Dynamic Test Scheduling in CI/CD

This document outlines the architecture and implementation of the dynamic test scheduling system used in this project's CI/CD pipeline. The primary goal of this system is to dramatically reduce the time spent waiting for test feedback by intelligently selecting and running only the tests relevant to a given code change.

1. The Problem: Slow Feedback Loops

In a large monolithic application, the test suite can grow to thousands of tests, often taking 20 minutes or more to run. Running the entire suite for every minor change is inefficient and costly, leading to several problems:

Reduced Developer Velocity: Developers switch context while waiting for CI, slowing down the development cycle.
Increased CI/CD Costs: More runner time is consumed, leading to higher infrastructure costs.
Discourages Small Commits: Developers may be tempted to batch many changes into a single commit to avoid multiple long waits.

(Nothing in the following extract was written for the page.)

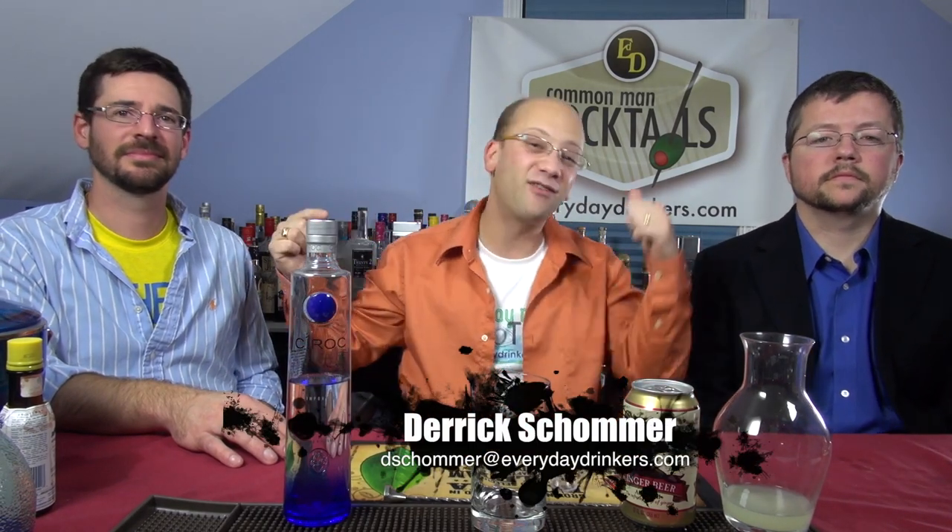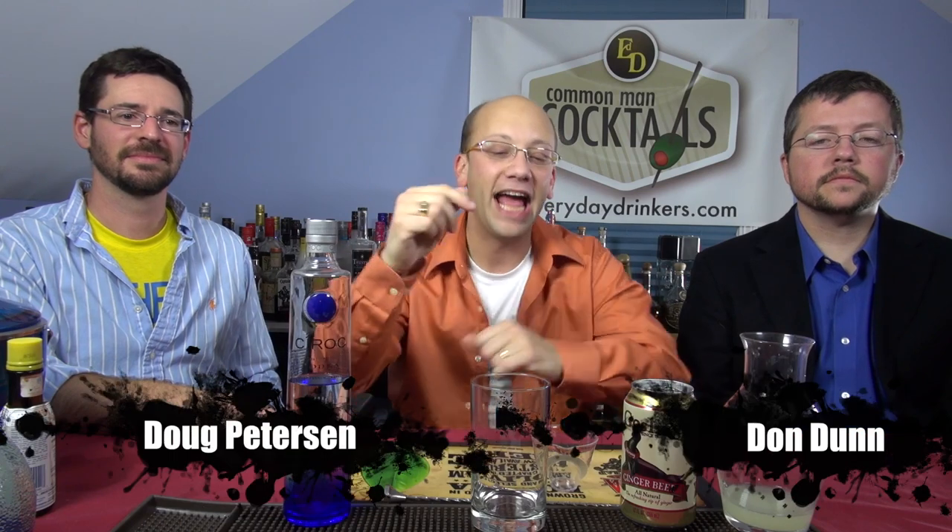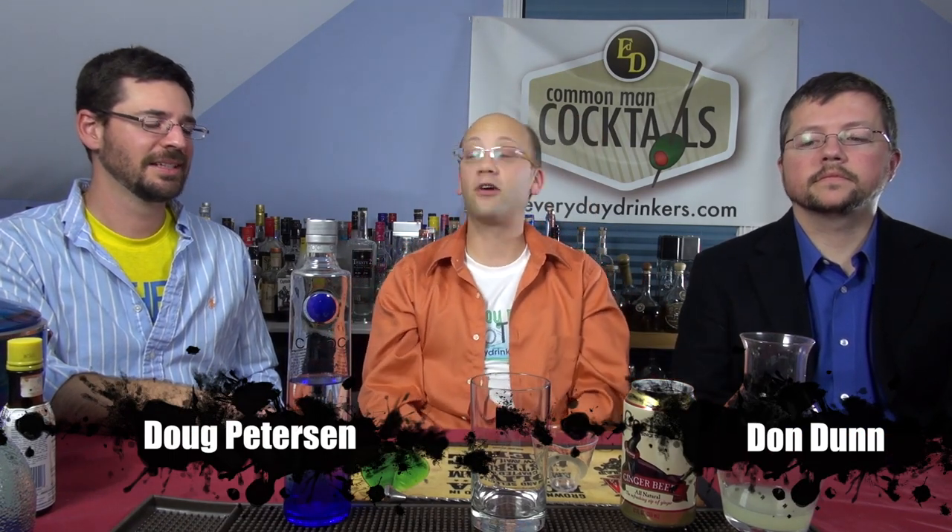Welcome to Common Man Cocktails. I'm your host, Eric Schomer, and today I've got Doug and Don. We are making a classic cocktail called the Moscow Mule.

The ideal system provides feedback that is proportional to the risk of the change. A small bugfix in an isolated module should receive feedback in minutes, while a change to a core shared library rightly warrants a full, comprehensive test run.

2. The Solution: A Dynamic, Dependency-Aware Pipeline

Our solution is a dynamic pipeline generation system that operates in two main phases: a Planning Phase and an Execution Phase.

2.1. Core Concepts

Dependency Graph: We statically analyze the Python source code to build a dependency graph of all Django applications. This graph answers the question: "If App A changes, which other apps (B, C, etc.) depend on it and might break?" This graph is stored in tests/dependency_graph.yaml and is version-controlled.
Change Detection: For every merge request, we use Git to determine the exact set of files that have been modified.
Test Selection: A Python script (tests/select_tests.py) combines the list of changed files with the dependency graph to produce a minimal list of applications that need to be tested.
Dynamic Parallelization: We count the number of tests within the selected applications. Based on a pre-defined threshold, we dynamically decide how many parallel CI runners to allocate for the test run. Small batches of tests run on a single worker, while large batches are split across the maximum number of workers.
Child Pipelines: GitLab's "parent-child pipeline" feature is used to implement this. A parent job does the planning and then triggers a child pipeline that is configured on-the-fly to match the required workload (e.g., a single job or 10 parallel jobs).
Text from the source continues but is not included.